Okay, so now we have the trained `vae` and the `dataloader`. Let's feed the dataloader to the VAE in order to get the latent representation:

---

In [3]:
# No need to pass gpu=True to the encode function to encode on GPU
# If you trained the VAE on GPU, it already resides there
latent = vae.encode(dataloader)

print(latent.shape)

(39551, 40)


---
That's 39551 contigs each represented by the (non-noisy) value of 40 latent neurons.

Now we need to cluster this. That's for the next notebook, so again, I'll save the results.

---

In [4]:
with open('/home/jakni/Downloads/example/latent.npz', 'wb') as file:
    vamb.vambtools.write_npz(file, latent)

---
Alright, let me show how to load the trained VAE given the model file we made above.

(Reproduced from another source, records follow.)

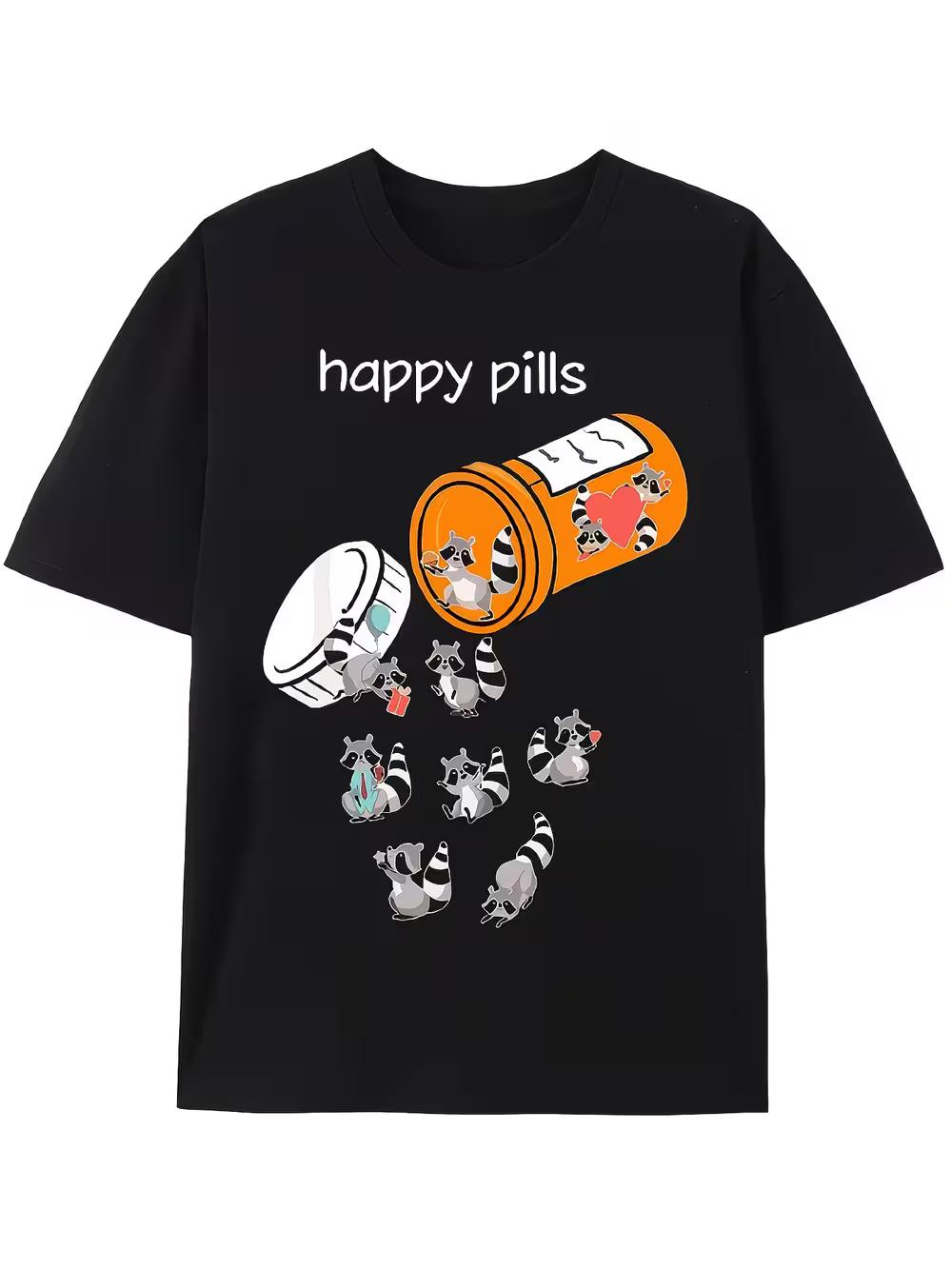 

Happy Pill Raccoon Cartoon Pattern T-Shirt - Men S Soft Short-Sleeve T-Shirt in Black Featuring a Playful Orange Pill Bottle Design XXXXL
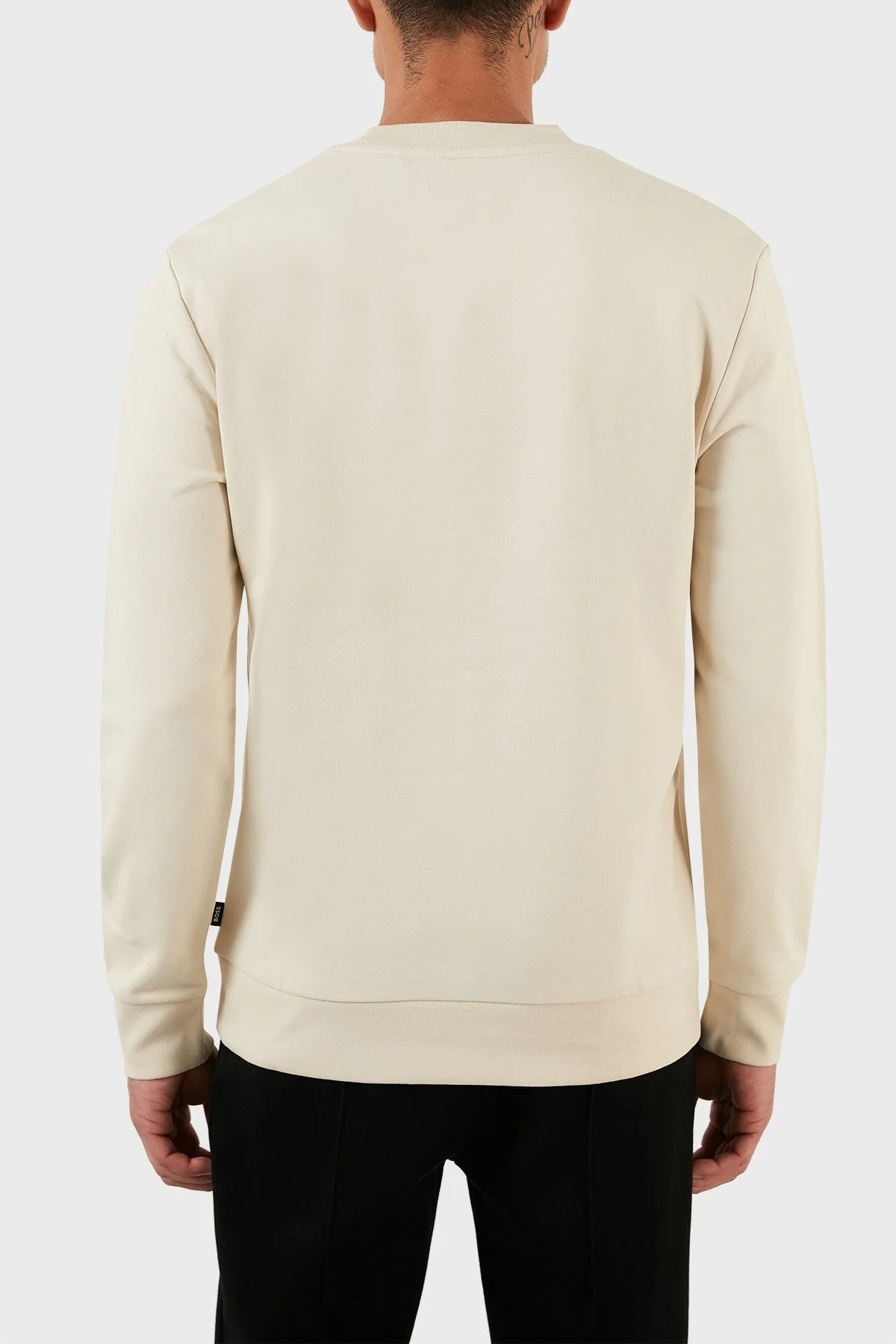 Boss Logolu Bisiklet Yaka % 100 Pamuk Oversize Erkek Sweat 50476984 131 BEJ - 5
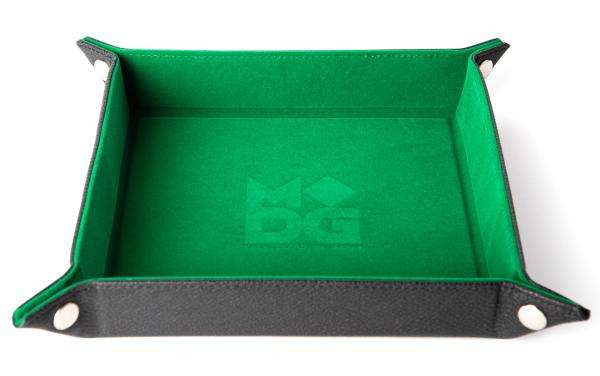 Velvet Folding Dice Tray 10x10 Green with Leather Backing (Dice Sets & Games)
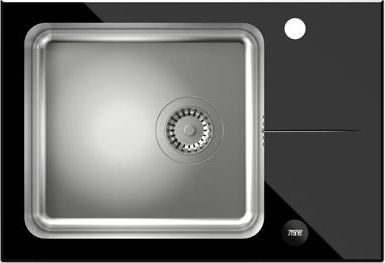 Zlewozmywak Steiner Hugh 116 komora stalowa z czarnym blatem szklanym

I want to **show** that we get the same network back that we trained, so let's try to feed it the same data twice.

---

In [5]:
import torch

# Manually create the first mini-batch without randomization
rpkms_in = torch.Tensor(rpkms[:128]).reshape((128, -1))
tnfs_in = torch.Tensor(tnfs[:128]).reshape((128, -1))

In [6]:
# Calling the VAE as a function encodes and decodes the arguments,
# returning the outputs and the two distribution layers
depths_out, tnf_out, mu, logsigma = vae(rpkms_in, tnfs_in)
print(mu[0])

tensor([-0.6341,  0.8006, -1.2837,  2.2479,  3.0842,  2.0184,  0.3096,
        -0.7320,  1.7008, -0.8898,  2.0501,  0.4636, -0.8683,  0.4024,
        -1.2859,  0.3301,  0.8071, -1.0957,  0.4424, -1.1223, -0.7120,
        -2.1790, -1.9727, -0.8413, -2.6715, -1.0463, -1.6019, -1.8441,
         1.7171,  0.3378, -0.8309,  1.1683,  2.1508, -2.0515, -0.3983,
        -0.4869, -1.5248, -1.6428,  2.3076, -1.4227])


In [8]:
# Now, delete the VAE
del vae

# And reload it:
# We need to manually specify whether it should use GPU or not
# And whether the network show begin in training or evaluation mode.
vae = vamb.encode.VAE.load('/tmp/model.pt', cuda=False, evaluate=True)
depths_out, tnf_out, mu, logsigma = vae(rpkms_in, tnfs_in)
print(mu[0])

tensor([-0.6341,  0.8006, -1.2837,  2.2479,  3.0842,  2.0184,  0.3096,
        -0.7320,  1.7008, -0.8898,  2.0501,  0.4636, -0.8683,  0.4024,
        -1.2859,  0.3301,  0.8071, -1.0957,  0.4424, -1.1223, -0.7120,
        -2.1790, -1.9727, -0.8413, -2.6715, -1.0463, -1.6019, -1.8441,
         1.7171,  0.3378, -0.8309,  1.1683,  2.1508, -2.0515, -0.3983,
        -0.4869, -1.5248, -1.6428,  2.3076, -1.4227])


---
We get the same values back, meaning the saved network is the same as the loaded network!